Sunday, January 11, 2009

 

Seeing Housework Through Male Eyes

When designating duties, the most important thing to consider is not talent, or even experience. The most important criteria are all of the following:

1) The person you assign should not be pregnant.

During the first trimester of pregnancy, for example, my wife spent virtually all of her time sleeping, working and lying on the couch complaining of morning sickness. Things have changed for the second trimester, however, in that she now spends all of her time working, sleeping and lying on the couch complaining of back pain.

But pregnancy is a hard time for the husband too, and the worst part is not the financial responsibility that’s coming, nor the emotional responsibility that’s already arrived: It’s the housework.

From the moment my wife’s stomach turned against her – both inside and out – I noticed a particular tend every Friday, the first day of my weekend. On those days, at a time when so many budgets are now in the red, the currencies of dirty dishes, unwashed laundry and plastic bottles were turning surpluses. These situations couldn’t be addressed before Friday, because I always come home from work late and because my wife is to busy a) lying on the couch and b) groaning.

There are many duties to be performed on Fridays, when I’m home and she’s not, but what she always asks Thursday night is for me to vacuum the floor. It’s not that this is a more important task than the laundry or taking out the trash, it’s just the one I’m least likely to do without her asking.

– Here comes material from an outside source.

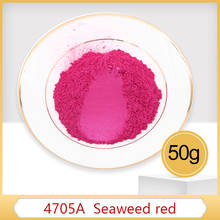 Seaweed Red Pearl Powder Pigment Mineral Mica Powder DIY Dye Colorant for Soap Automotive Arts Craft 2024 - buy cheap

Vacuuming has long been my least favorite chore, not because it’s the hardest, but because I find the least benefit in doing it. Some have attributed this to a condition called Male Eyes, in which men can’t see the individual specks of dirt on a carpet. This is a fallacy, however: Male Eyes doesn’t inhibit us from seeing them, but it does prevent us from seeing their significance. As far as we’re concerned, if we have no guests coming over, a few extra specks give the floor flavor.

In order for me to actually care about a foreign substance on the carpet, it would need to be a) a few inches in diameter and b) bright yellow or purple, in which case vacuuming would do no good.

Still, I do eventually manage to muster the energy required to overcome my apathy, and set the vacuum to work. After testing it to make sure it’s actually picking stuff up, I give every inch of the kitchen, bedroom and living room floor a thorough sweep, making sure to have picked up every visible shred of dirt, paper or plastic. After looking over my handiwork, I put the vacuum away, and only then do I unfailing notice some now clearly visible specks of foreign substance in an area I’m rather positive I vacuumed.

Apparently, these specks are utilizing some manner of high-tech cloaking device which they don’t turn off until I’ve put the vacuum away. I’d bring it back out again, but I feel their ingenuity should be rewarded.

Next comes taking out the trash. In Korea, recycling is more than a platitude everyone appreciates but most feel inconvenienced by. Here, it’s a law that everyone appreciates but most feel painfully inconvenienced by. In our home, there are three separate bins: One for paper products, of which there are a lot; one for cans, of which there are a few; and one for plastic things, of which there are so many that it more than compensates for any deficiency in cans.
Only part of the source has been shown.